Gotta love this car  
Just replaced my crankshaft sensor, drove it for a couple of miles, and noticed when i parked that there was white smelly smoke coming from the rear passenger side of the motor. There is some black sticky gunk around the back of the motor (put my hand back there and felt around) search the internet and could be valve gaskets or possibly a coolant leak? Took the car to get a checkup about a couple of months ago and they said my top-end seals need to be replaced... 
It only starts smoking when it gets hot, the dissipates after I turn it off and it sits. Does anyone know what it could be? Easy fix or one I'd have to take to a shop? Im pretty resourceful and a d.i.y-er. TIA!!


----------



## tryin2vw (Dec 30, 2006)

Describe the smell. Burning oil? Burning coolant?


----------



## Meeshe (Jun 22, 2010)

Well smell definitely doesnt smell "sweet" like coolant, more of a oil smell. I do have a couple of oil leaks due to my car being low and scraping speed bumps sometimes  but its had that leak for awhile and this smoke is new to me. Thanks for responding to my posts!


----------



## tryin2vw (Dec 30, 2006)

Check the PCV system for clogs. That could cause the valve covers to leak.
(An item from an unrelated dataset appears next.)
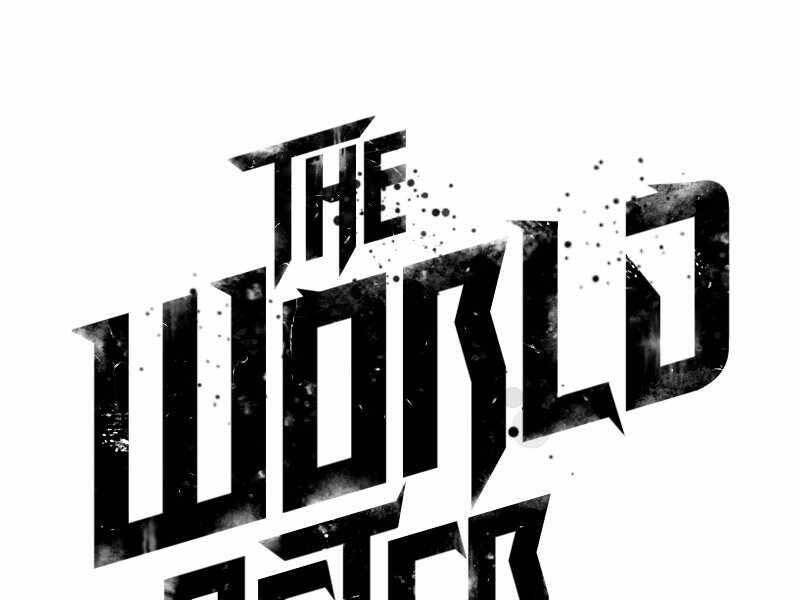 Thế Giới Sau Tận Thế Chapter 31 - Trang 2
The 2.8 is prone to leak for this cause. A clogged PCV system also can cause the cam chain tensioner to leak, and the passenger side cam chain tensioner gasket is a bit of a pain to change., but would leak directly onto the exhaust.


----------



## afawal (Oct 18, 2005)

+1 

clogged PCV can lead to valve cover gasket and cam shaft seal leaks.
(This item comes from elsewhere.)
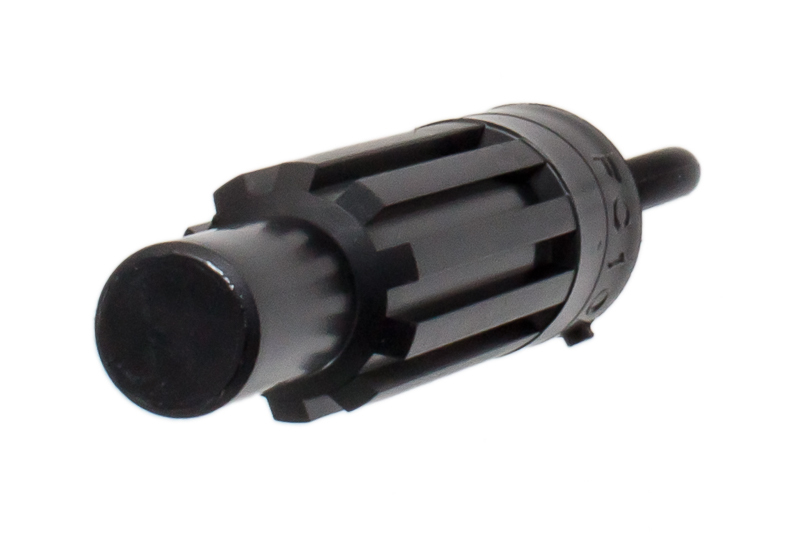 Ford Mustang Alignment Tool - ACT - 2007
I find that with oil leaks, dealerships are taking a stab in the dark with these things. They start with one potential problem, and then move to the next if it doesn't get resolved. If you have the time and the know-how, clean the rear part of the engine with a rag, get rid of all oil and dust residue, drive for a few days, or until you smell the oil again and see if you can spot where the oil leak is coming from exactly.


----------



## Meeshe (Jun 22, 2010)

*come to find out...*

the valve gaskets were toast! As well as the cam seals, got them replaced and no more stinky smokey car


----------



## notsoslow (Nov 5, 2009)

Meeshe said:


> the valve gaskets were toast! As well as the cam seals, got them replaced and no more stinky smokey car


Did you have to replace the cam tensioner gaskets as well or were they okay? I am in the Middle of replacing valve cover gaskets and crank breather hoses right now, Waiting for the snow to let up to go out and proceed, lol


----------